Sabtu, 26 Juli 2014
REFLEKSI RAMADHAN
ENDANG KOMARA
Guru Besar Sosiologi Pendidikan Kopertis Wilayah IV Dpk Pada STKIP Pasundan dan Sekretaris KORPRI Kopertis IV
Menurut H.R. Ahmad dan Tirmidzi, bahwa ada tiga kelompok orang yang tidak akan ditolak doa’nya, yaitu orang yang berpuasa hingga ia berbuka, imam yang adil, dan orang-orang yang dizalimi. Bulan Ramadhan 1435 H. tinggal beberapa hari lagi akan meninggalkan kita. Betapa utamanya orang yang saum di bulan Ramadhan. Karena golongan ini menjadi salah satu golongan yang doa’nya tidak ditolak, dengan kata lain pasti do’anya dikabulkan oleh Allah swt. Selain ketika berpuasa do’a menjadi ‘’manjur’’, banyak sekali keutamaan lainnya.

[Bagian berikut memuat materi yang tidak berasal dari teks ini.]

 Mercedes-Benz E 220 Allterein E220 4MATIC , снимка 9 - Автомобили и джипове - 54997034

Tidak hanya dikabulkan do’anya, orang yang berpuasa kelak akan memasuki surga melalui pintu yang khusus disediakan bagi orang-orang yang berpuasa, yakni pintu ar-Rayan.

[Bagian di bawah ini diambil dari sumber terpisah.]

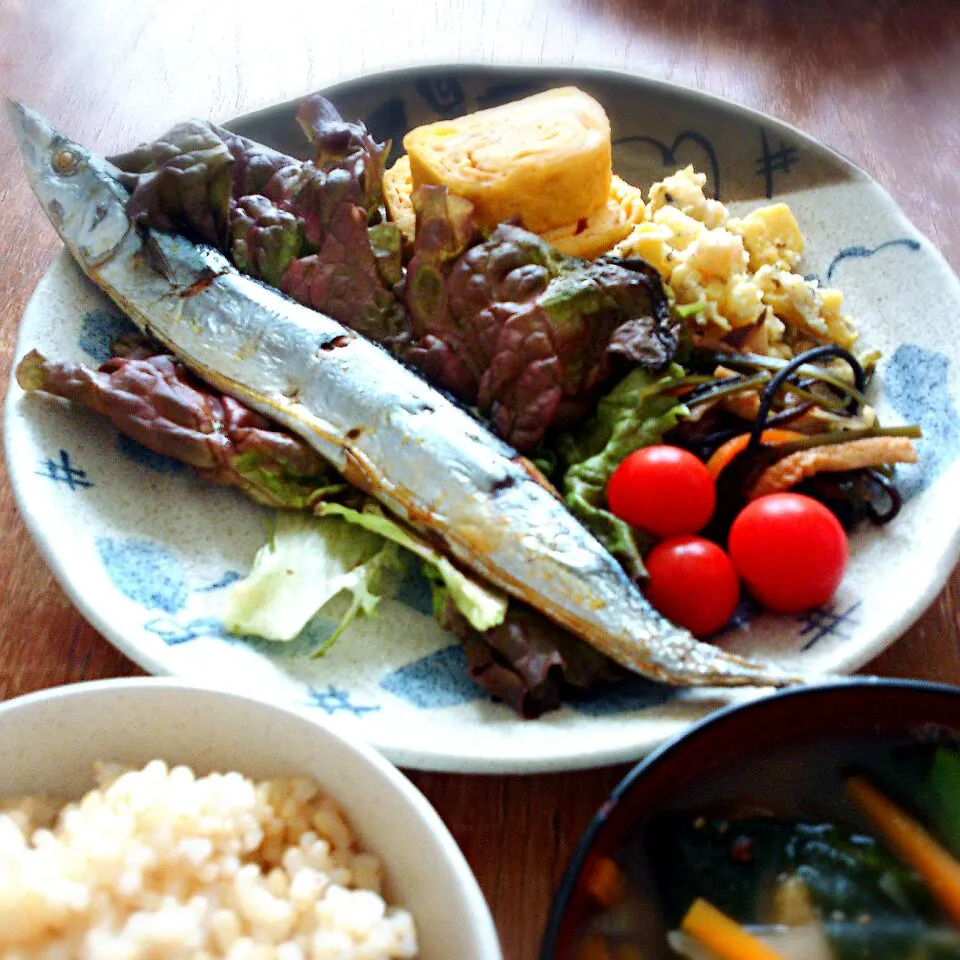 焼き魚定食【骨まで食べられるサンマ】|プチテンよすさん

Puasa melatih diri kita untuk senantiasa bersabar, juga mendidik kita untuk selalu berusaha mengendalikan diri. Ya, mengendalikan diri dari hawa nafsu. Baik itu mengendalikan diri agar jangan marah ketika seseorang membuat kita kesal, bahkan mengendalikan diri untuk tidak berlaku boros dalam mengonsumsi kebutuhan sehari-hari, baik untuk menghadapi berbuka puasa maupun untuk menyiapkan menu makan sahur walaupun sebenarnya kondisi keuangan kita sangat memungkinkan. Puasa juga melatih kita untuk selalu gemar bersyukur atas limpahan nikmat Allah swt, dengan senantiasa gemar berinfak dan bersedekah, dan banyak lagi manfaat yang bisa kita raih dari puasa. Ternyata puasa yang dimaksud tidak hanya terbatas pada puasa di bulan Ramadhan, namun juga puasa-puasa sunah, seperti puasa Senin-Kamis, puasa Daud yang masing-masing memiliki keutamaan.
Konon puasa itu terbagi ke dalam 3 (tiga) tingkatan, pertama puasa orang biasa, kedua puasa orang khawas (khusus), ketiga puasa orang khawasul khawash (khususnya khusus). Adapun puasa orang biasa itu mencegah perut dan kemaluan dari memenuhi syahwat. Puasa orang khawas itu adalah puasanya orang-orang yang salih, yaitu mencegah seluruh anggota badan dari melakukan segala dosa. Dan hal itu menurut Al Allamah Utsman bin Hasan bin Ahmad Asy Syakir Al Khaubawi dalam Durratun Nasihin tidak akan terlaksana kecuali dengan selalu melakukan 5 (lima) perkara. Pertama, memicingkan pandangan dari semua yang tercela menurut syarak. Kedua, memelihara lidah dari mengupat, berdusta, mengadu domba dan bersumpah palsu. Kerena sahabat Anas ra. Telah meriwayatkan sebuah hadist Nabi saw, bahwa beliau telah bersabda, yang artinya: ‘’Lima perkara yang menggugurkan pahala puasa atau membatalkan pahalanya, yaitu berdusta, mengupat, mengadu domba, bersumpah palsu dan memandang lawan jenis dengan syahwat”. Ketiga, mencegah telinga dari mendengarkan apa saja yang makruh. Keempat, mencegah seluruh badan dari hal-hal yang makruh, dan mencegah perut dari makan makanan yang syubhat (diragukan halalnya) di waktu berbuka. Karena tidak ada artinya berpuasa dari makanan yang halal lalu berbuka dengan makanan yang haram. Perumpamaannya adalah seperti orang yang membangun sebuah istana dengan menghancurkan sebuah kota. Nabi saw bersabda, yang artinya, ‘’berapa banyak orang yang berpuasa, tidak memperoleh dari puasanya itu selain rasa lapar dan dahaga’’. Kelima, memperbanyak memakan makanan yang halal di kala berbuka sampai kekenyangan. Karena Rasulullah saw telah bersabda yang artinya: ‘’Tidak ada sebuah wadah yang lebih dibenci oleh Allah daripada perut yang dipenuhi oleh makanan yang halal’’.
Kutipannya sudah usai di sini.